DATASET RECORDS below:

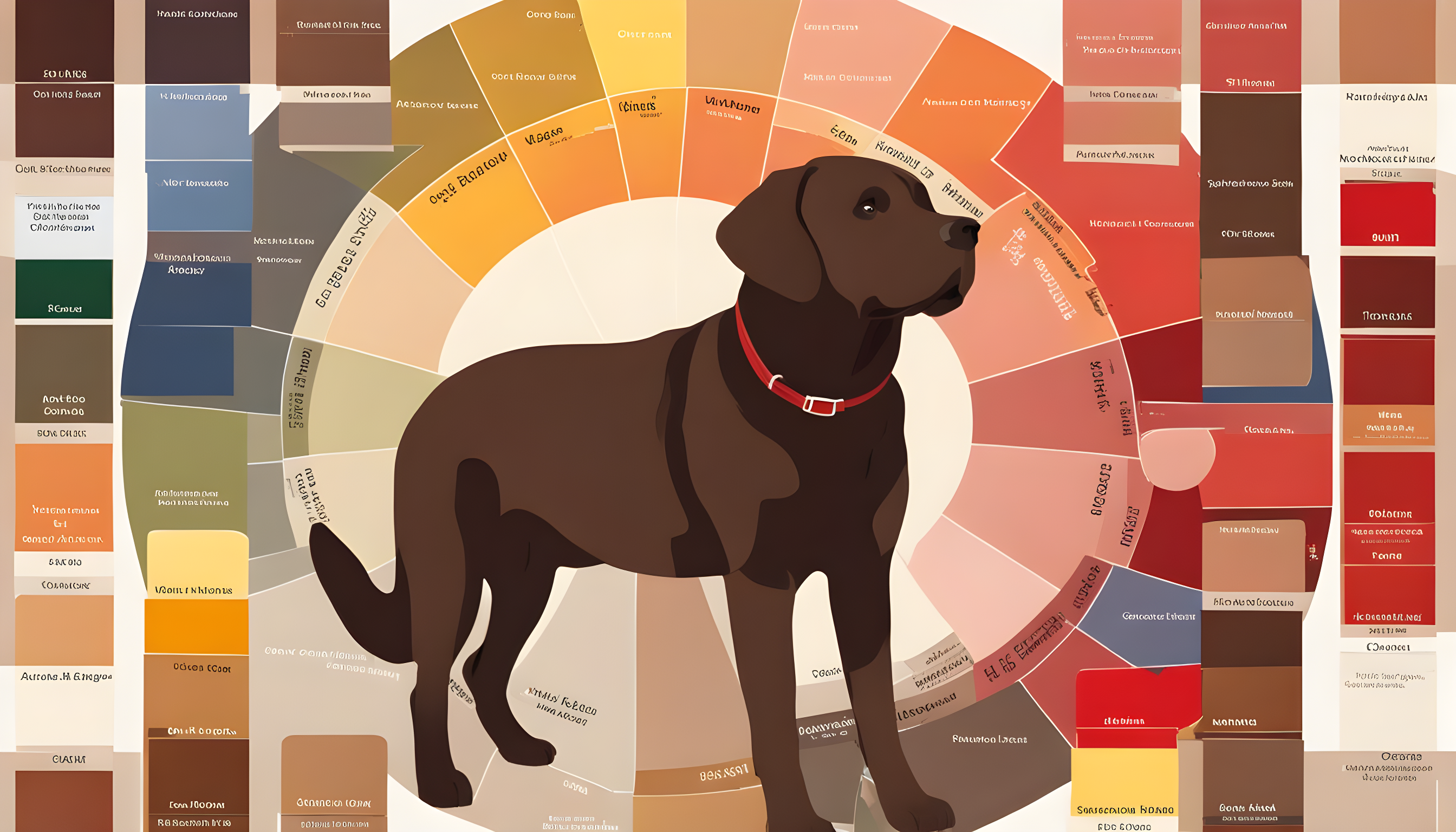 A British Lab color wheel featuring fox red, chocolate, and more.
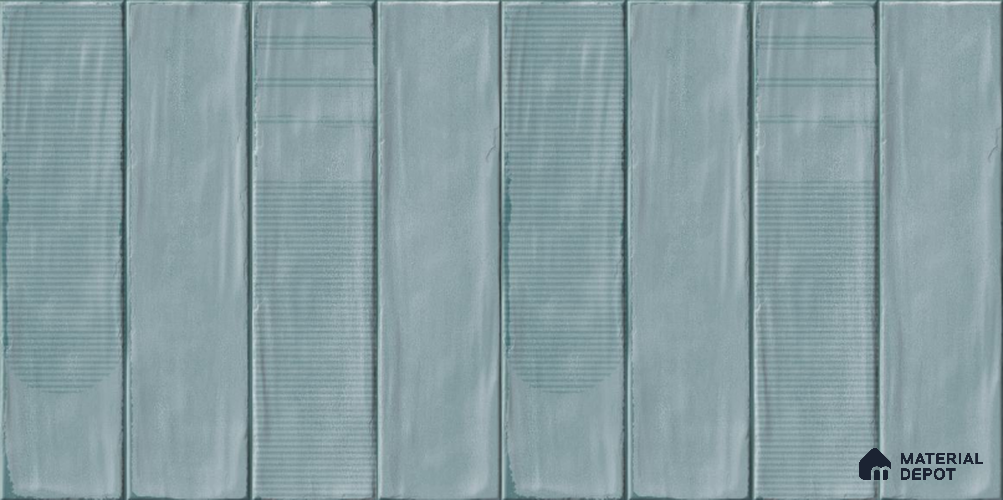 Blue Faux Subway Wall Tile TL 09094 H Lucido Moss 1 ft x 1 ft Ceramic Glossy Finish - 9 mm | Suitable for Highlighter Wall, Bathroom, Kitchen Wall & Backsplash | Please Expect a Slight Variation of Pattern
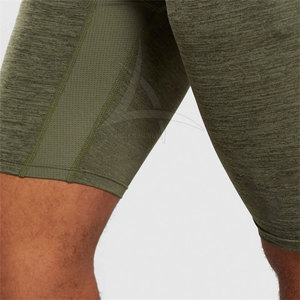 Shorts de compression mi-longue décontractés pour hommes, taille élastique, motif uni, pour la salle de sport, la course à pied, en spandex/polyester - Product Image 4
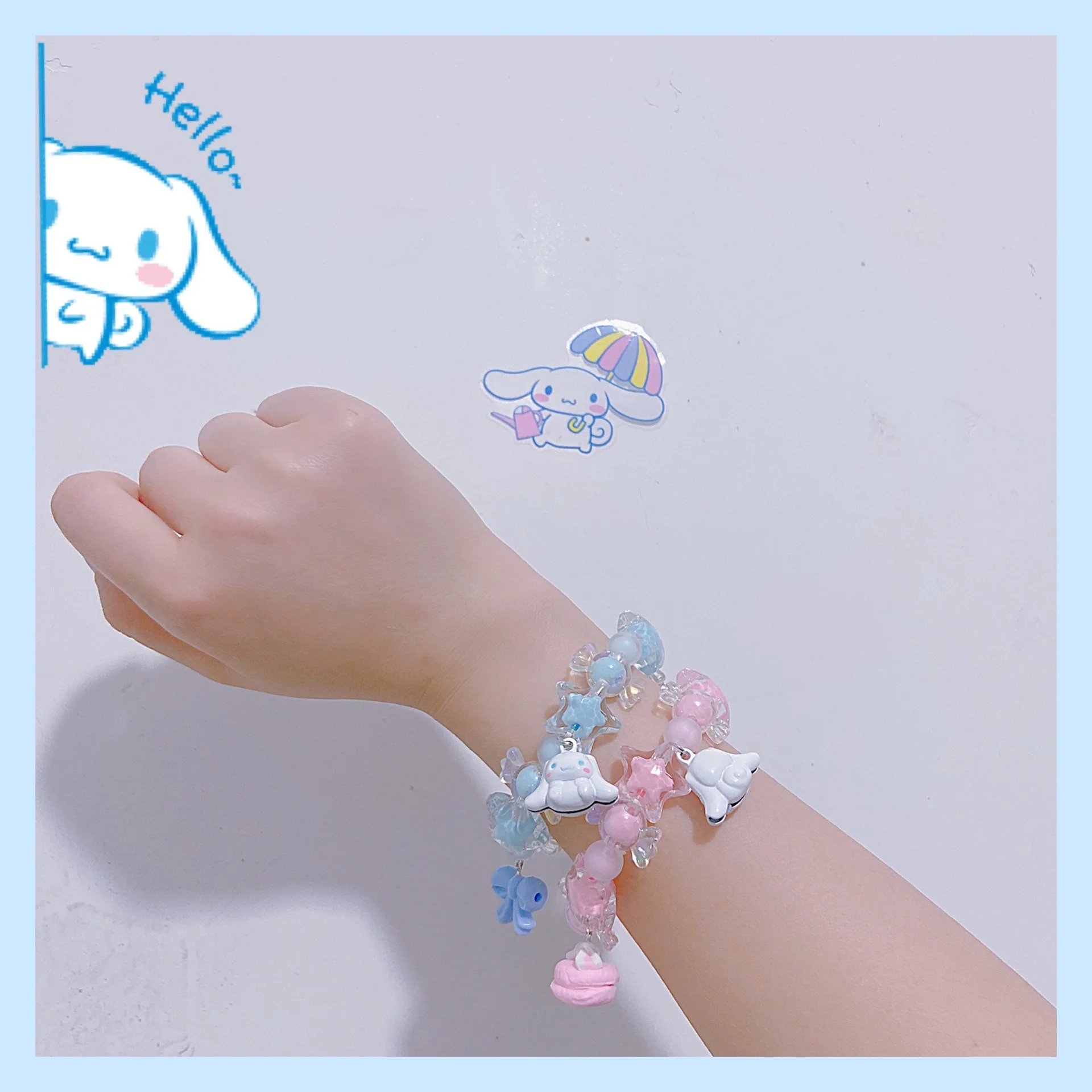 

Kawaii Sanrioed Cinnamoroll Хрустальный Браслет Лолита ювелирные изделия очаровательные бусины девичий стиль декоративный кулон Мультяшные Подарочны...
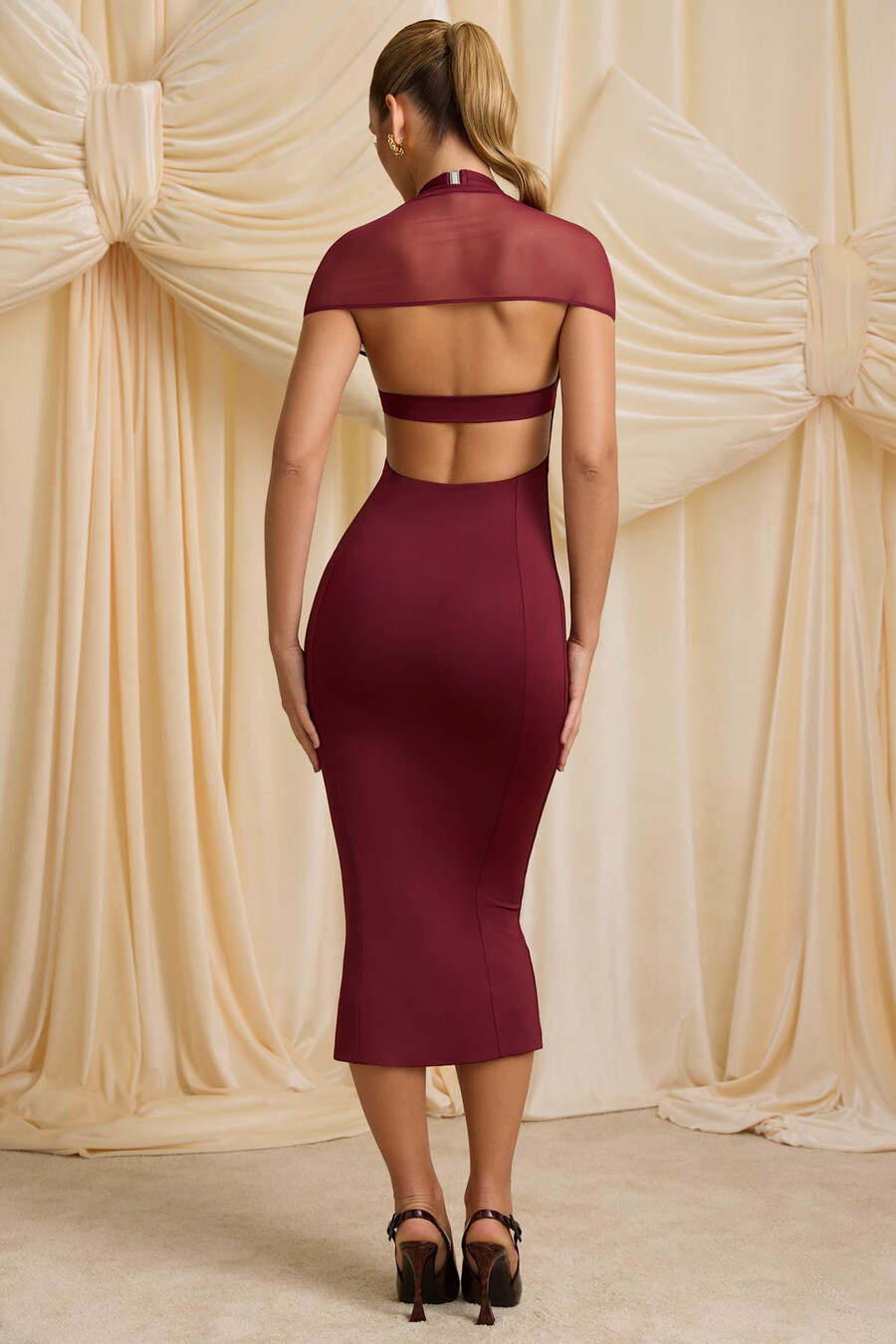 slinky jersey open back midaxi -mekko viininpunaisena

End of DATASET RECORDS.

▶ [TASK REQUIREMENTS] From the first line above down to the line with "Shorts de compression", reproduce every line and no others, omitting pictures.

▶ [RESULT FOR THIS TASK]
 A British Lab color wheel featuring fox red, chocolate, and more.
 Blue Faux Subway Wall Tile TL 09094 H Lucido Moss 1 ft x 1 ft Ceramic Glossy Finish - 9 mm | Suitable for Highlighter Wall, Bathroom, Kitchen Wall & Backsplash | Please Expect a Slight Variation of Pattern
 Shorts de compression mi-longue décontractés pour hommes, taille élastique, motif uni, pour la salle de sport, la course à pied, en spandex/polyester - Product Image 4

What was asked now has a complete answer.